◆ **Task statement**:
Give back the records below verbatim, please, but without a single image.

(Given records begins)

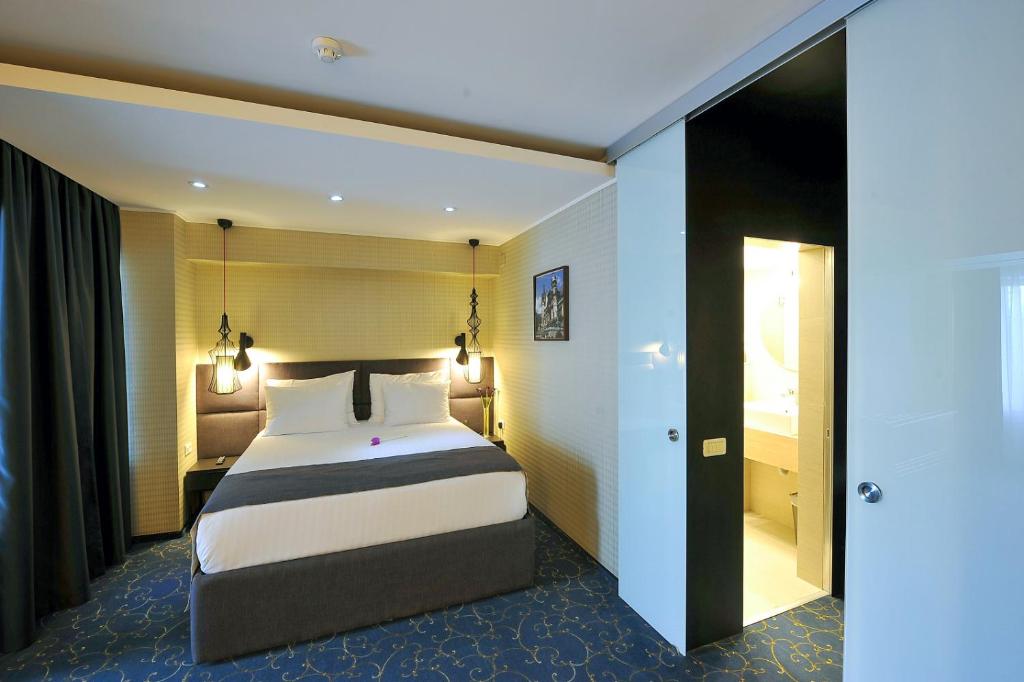 Двухместный (Представительский номер с кроватью размера «queen-size») отеля Crystal Palace Hotel Бухарест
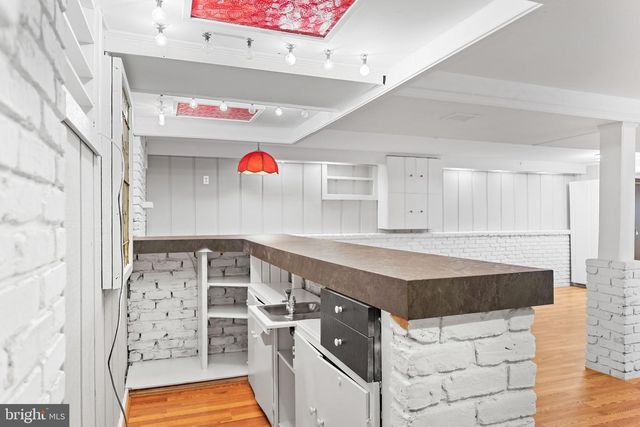 1600 OAKLAWN CT, Silver Spring, MD 20903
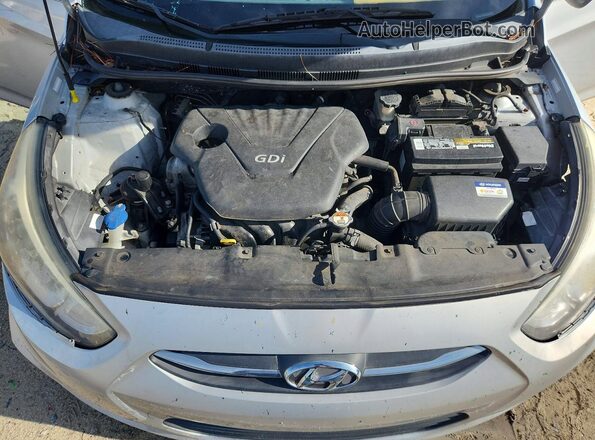KMHCT4AE3GU968470 2016 HYUNDAI ACCENT Silver Вид задньої частини салону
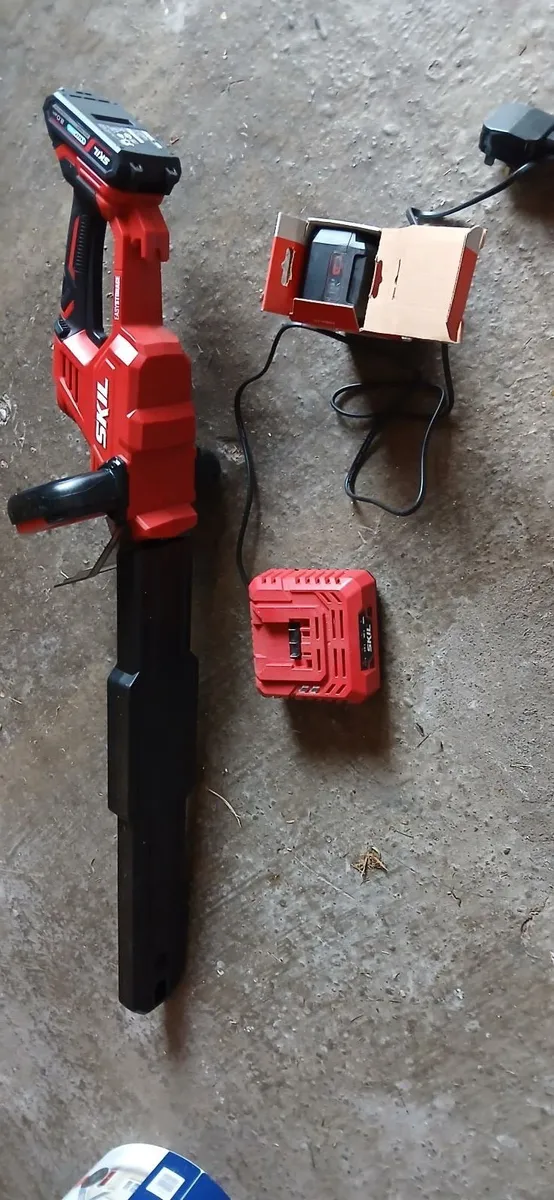 SKIL hedge trimmer and second battery - Image 3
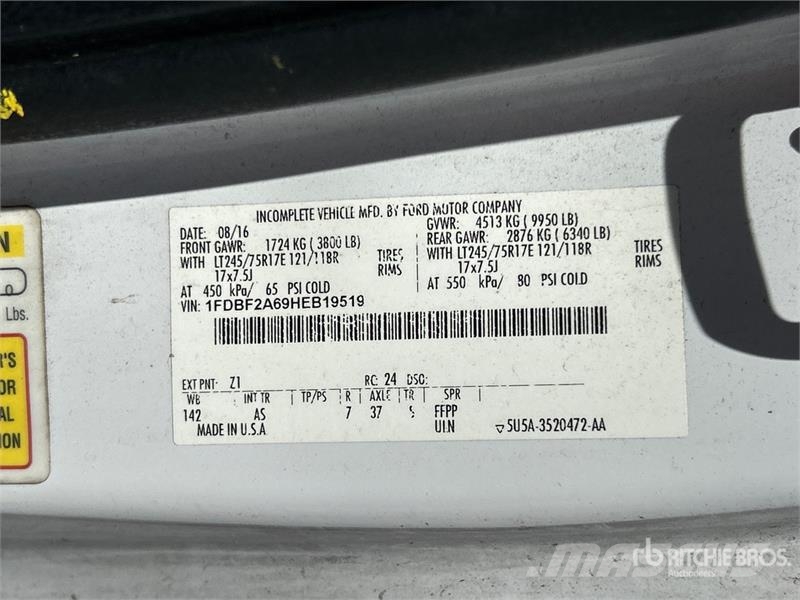 Ford F-250 XL 4x2 Utility Truck Pickup/planbiler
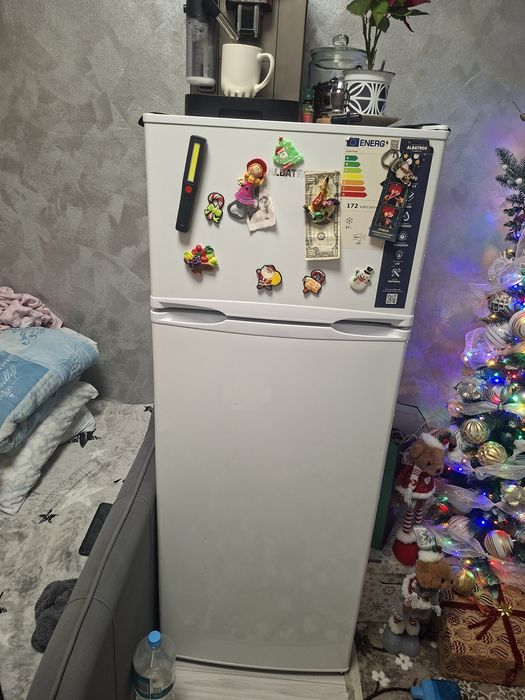 Vand frigider folosit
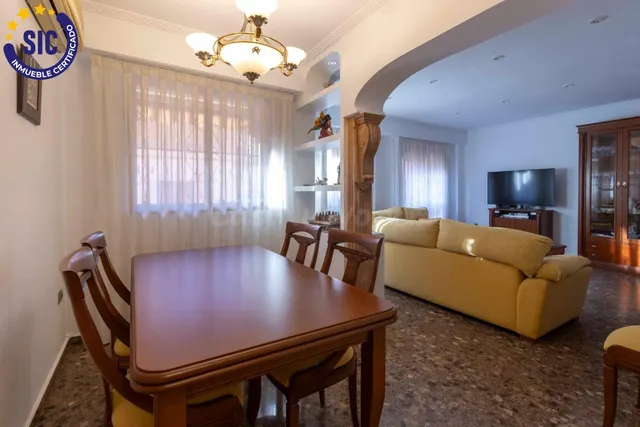 Se vende amplio piso en zona céntrica de Torrent — 5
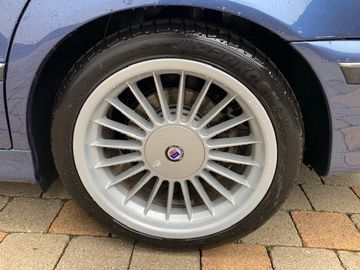 1998 Alpina B10 照片 1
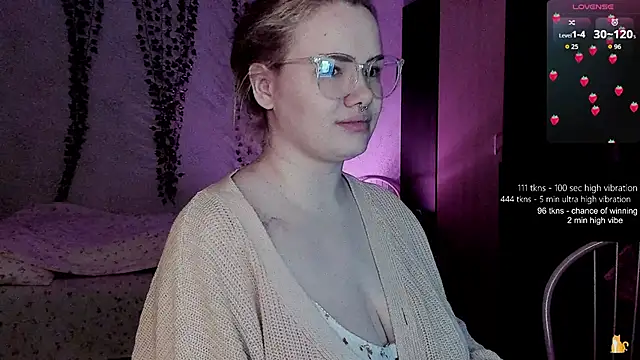 strawberry elfcat online show from 05.11.26
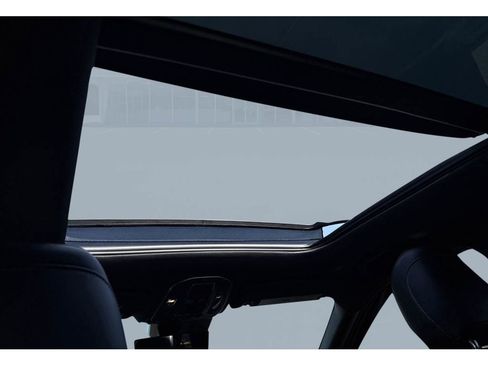 Used 2025 Jeep Grand Cherokee Limited w/ Luxury Tech Group II image 36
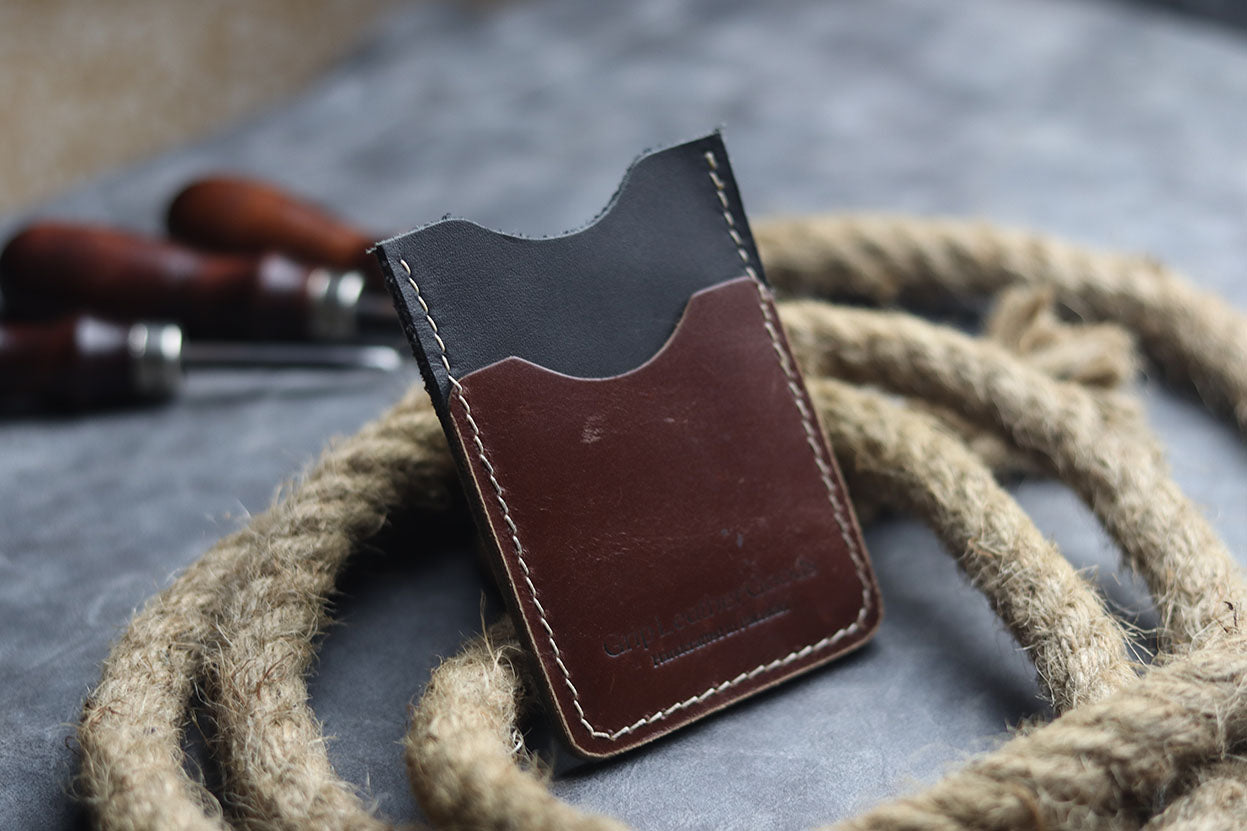 MW-02 MINIMAL WALLET-WALNUT HUSK BROWN - grip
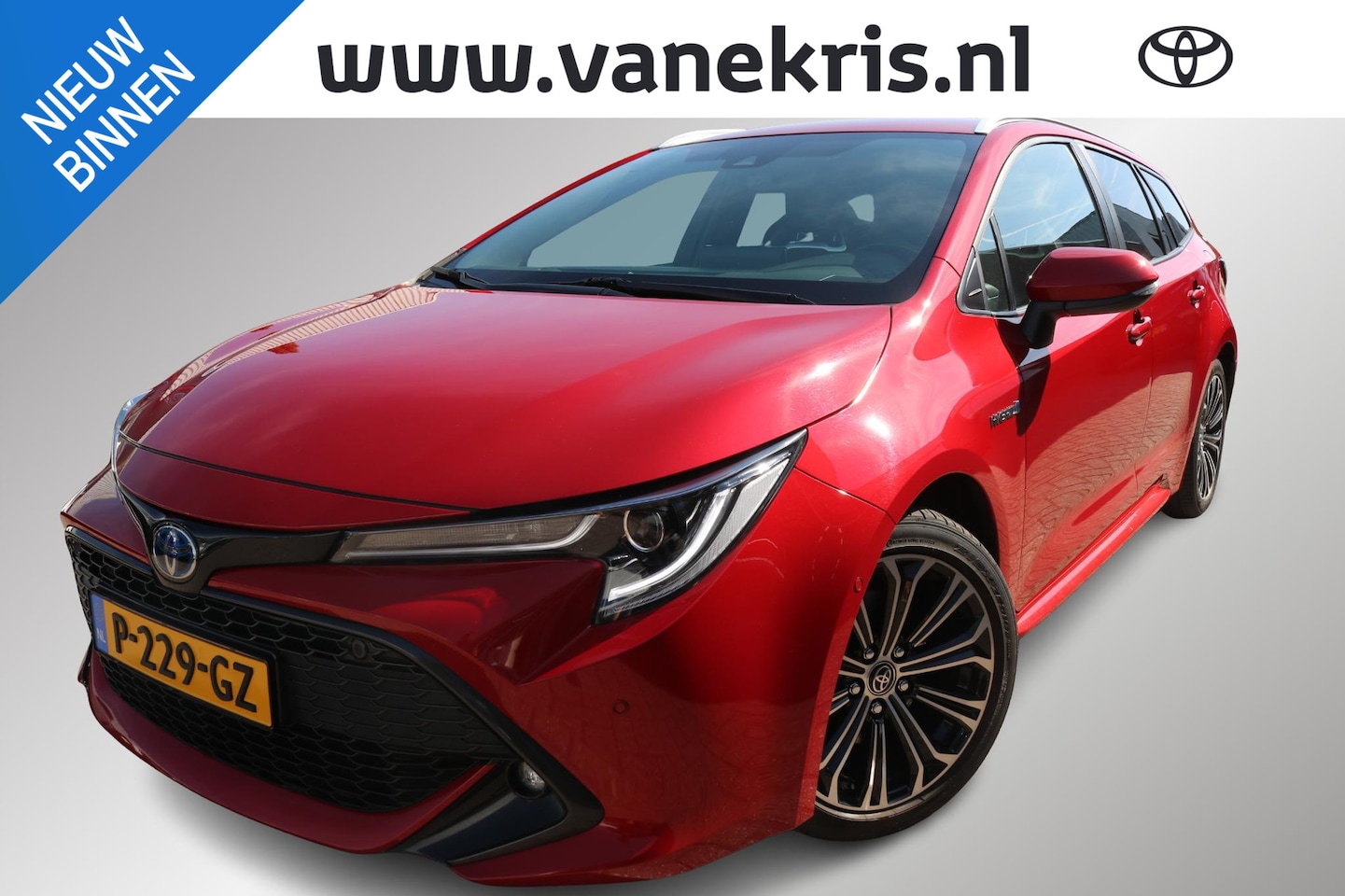 Toyota Corolla Touring Sports - 2.0 Hybrid Style 2.0 Hybrid Style, Trekhaak, Parkeersensoren - AutoWereld.nl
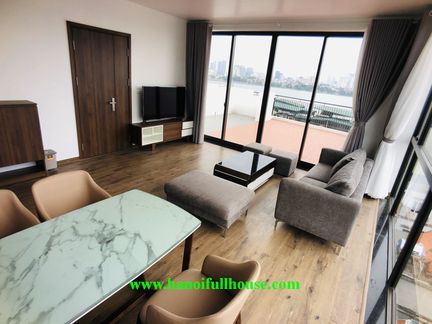 2 bedrooms on top floor with large balcony, lake view on Dang Thai Mai street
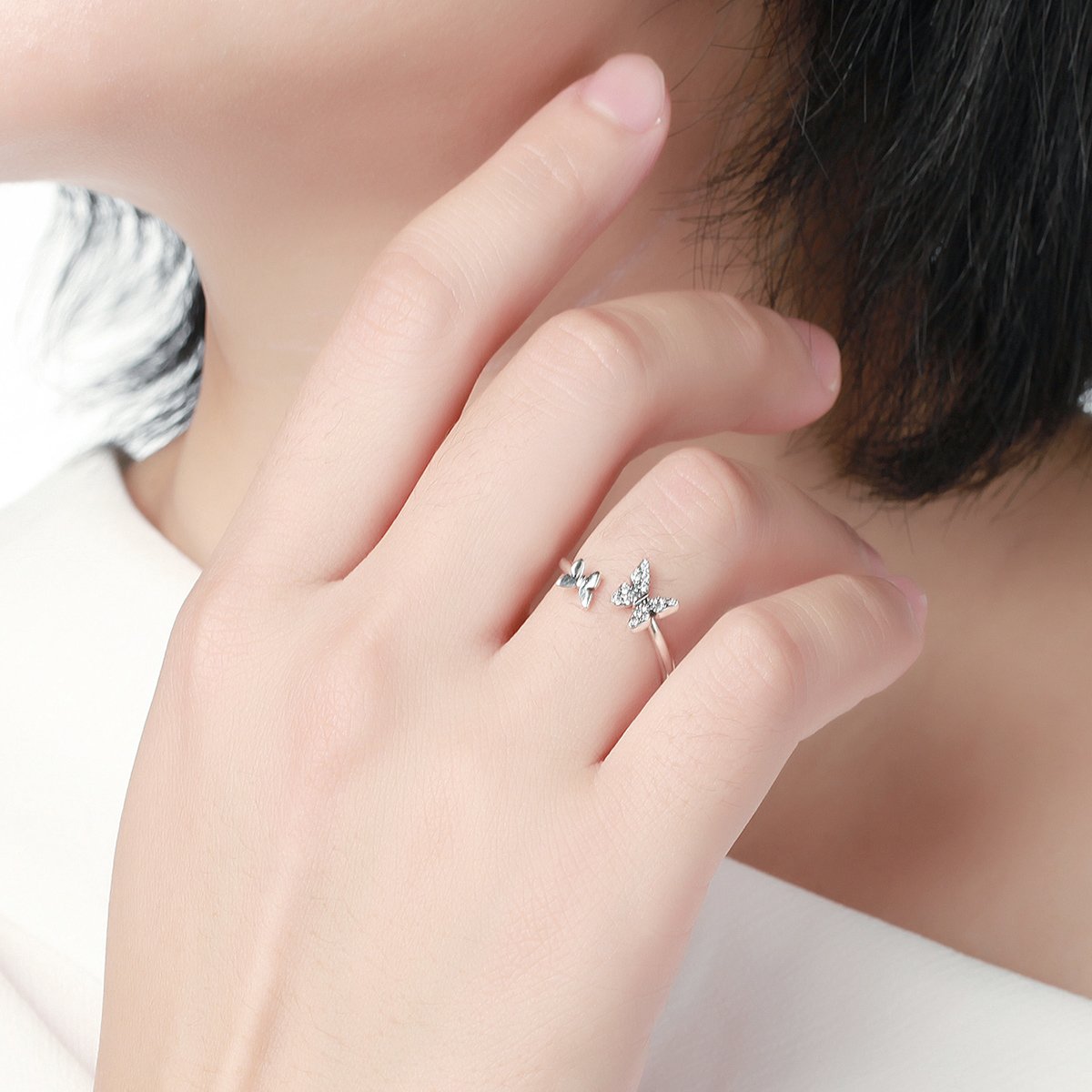 925 Sterling Silver Dazzling Cubic Zircon Butterfly Open Finger Ring for Women Fashion Jewelry Gift SCR087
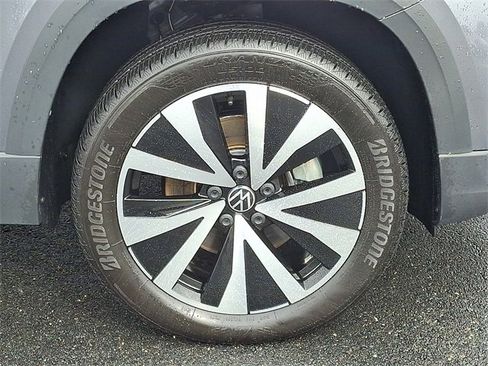 Used 2022 Volkswagen Taos SE image 8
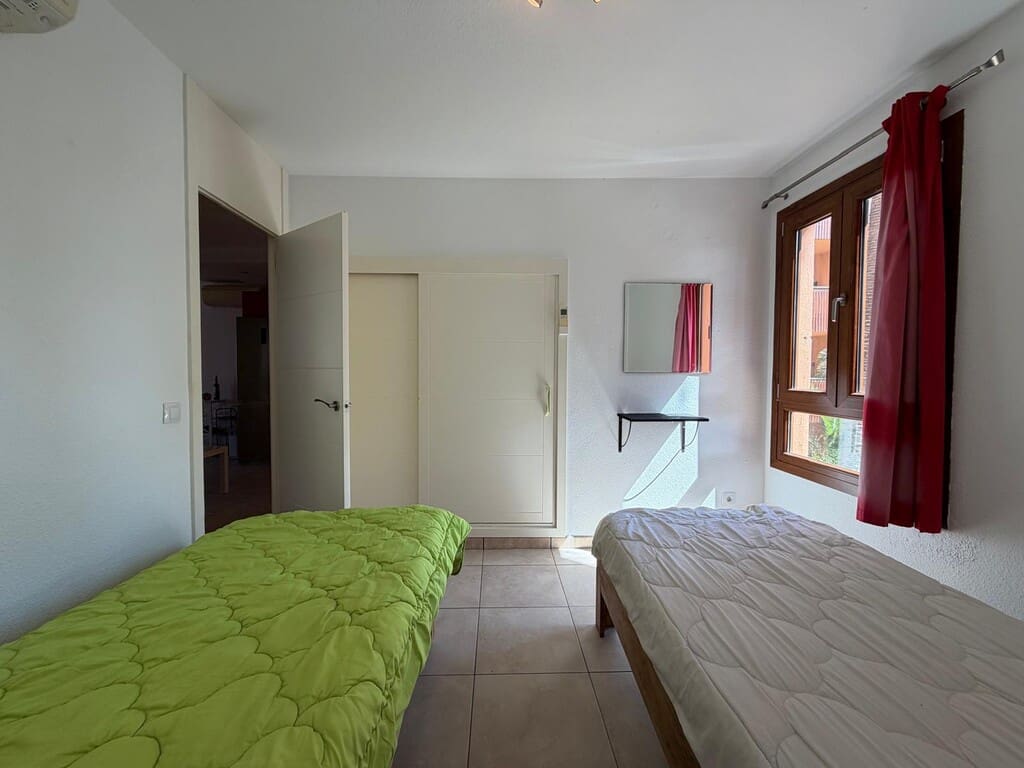 2 bedroom Apartment for rent in Cala Bona with pool - € 1,500 (Ref: 9880732)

(Given records ends)

◆ **Problem solution**:
 Двухместный (Представительский номер с кроватью размера «queen-size») отеля Crystal Palace Hotel Бухарест
 1600 OAKLAWN CT, Silver Spring, MD 20903
KMHCT4AE3GU968470 2016 HYUNDAI ACCENT Silver Вид задньої частини салону
 SKIL hedge trimmer and second battery - Image 3
 Ford F-250 XL 4x2 Utility Truck Pickup/planbiler
 Vand frigider folosit
 Se vende amplio piso en zona céntrica de Torrent — 5
 1998 Alpina B10 照片 1
 strawberry elfcat online show from 05.11.26
 Used 2025 Jeep Grand Cherokee Limited w/ Luxury Tech Group II image 36
 MW-02 MINIMAL WALLET-WALNUT HUSK BROWN - grip
 Toyota Corolla Touring Sports - 2.0 Hybrid Style 2.0 Hybrid Style, Trekhaak, Parkeersensoren - AutoWereld.nl
 2 bedrooms on top floor with large balcony, lake view on Dang Thai Mai street
 925 Sterling Silver Dazzling Cubic Zircon Butterfly Open Finger Ring for Women Fashion Jewelry Gift SCR087
 Used 2022 Volkswagen Taos SE image 8
 2 bedroom Apartment for rent in Cala Bona with pool - € 1,500 (Ref: 9880732)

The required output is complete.